Alexander Boyle was his grandfather.

Not much exists of the Boyle brothers – there are no letters or diaries, and only two photographs, both of Alexander.

But the Boyle family – mum Agnes and dad John with 11 children – must have sprawled through a bustling Greenock in the early part of the 20th century, seven boys and four girls born over the space of 20 years.

Agnes died eight days after the birth of the youngest boy, Robert, in 1888, and John later remarried. The four Boyle brothers who died in WWI were all grown men, all married themselves. Two of them had their

own children. They are memorialised in a single headstone in Lambhill Cemetery in Glasgow, on “one of the most extraordinary headstones I’ve seen in 20 years of working for the Commonwealth War Graves Commission,” says Peter Francis of CWGC. “I have never seen one that listed not just the war casualty but the tragic tale of so many brothers lost from one family. One can only imagine the terrible grief of a family torn apart by war behind those names on this one headstone.”

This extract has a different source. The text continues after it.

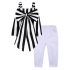 2 Pieces Summer Arvo Stylish Black N White Striped Ribbon Short Sling Top + Ripped Skinny White Pants Clothes Set fashionable Girls Outfit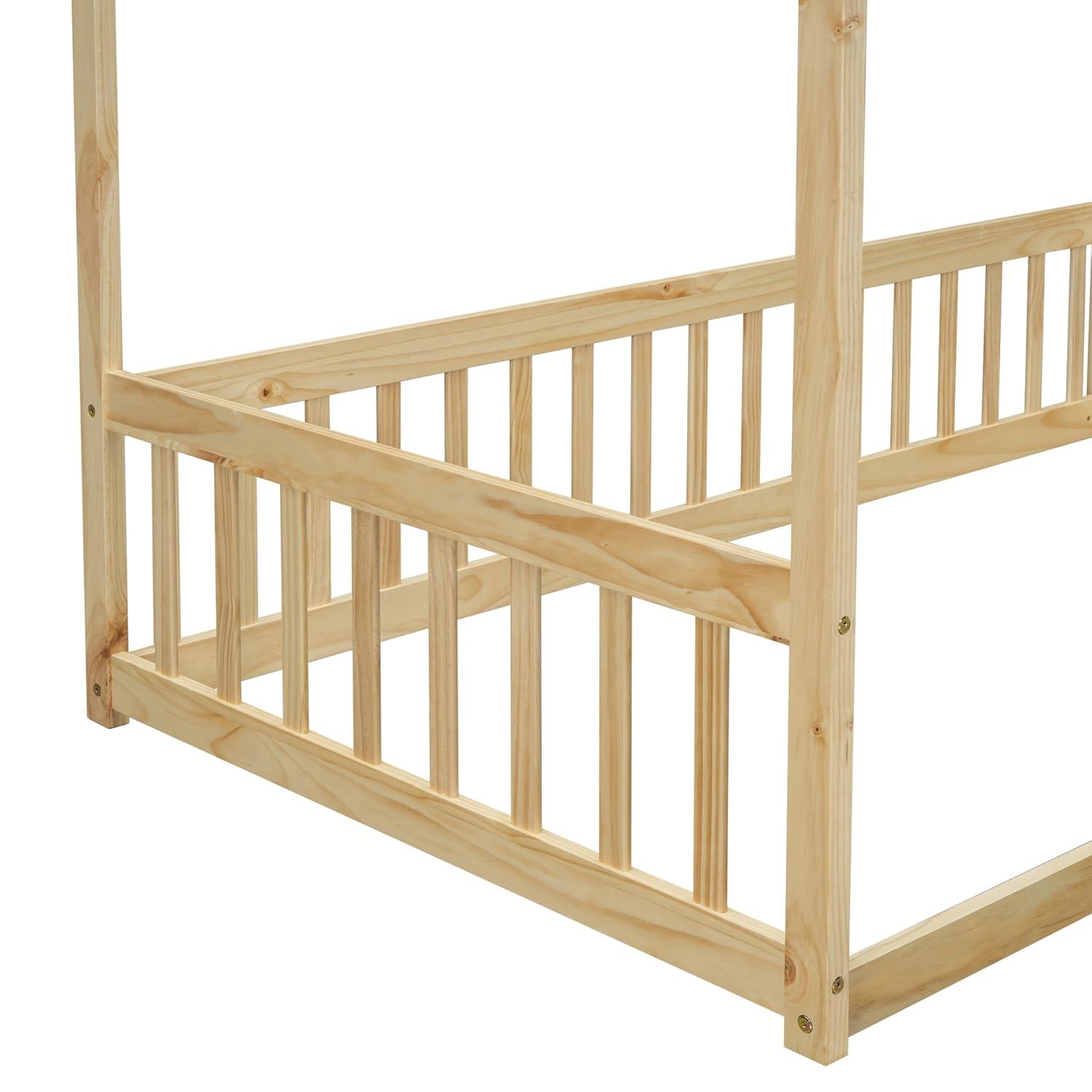 Natural Pine Twin Canopy Bed with Drawer and Headboard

It is hard to imagine four of your adult children, two of them parents themselves, passing away in stunning acts of industrial violence on foreign soil, but their father John would have seen it all. There was no protection for siblings from the authorities. WWI history is littered with the worst kind of familial atrocity. Author and historian Julie Summers, who has researched special memorials for the CWGC, says “it wasn’t kind. The men went into service and there was no-one, no organisation, looking into whether whole families were involved. It is heartbreaking to think about it.”

THE Boyle brothers join the Smith family from County Durham and the Soul family from the Cotswolds, who each lost five of their six sons, and the Beechey’s of Lincolnshire whose eight sons saw action and only three returned. Amy Beechey was presented to Queen Mary in 1918, who thanked her for her immense sacrifice, to which she bluntly replied: “It was no sacrifice, ma’am. I did not give them willingly.”

The Boyle brothers died in places stretching across the theatre of war, far from home. Their stories are a microcosm of the conflict in which so many families suffered.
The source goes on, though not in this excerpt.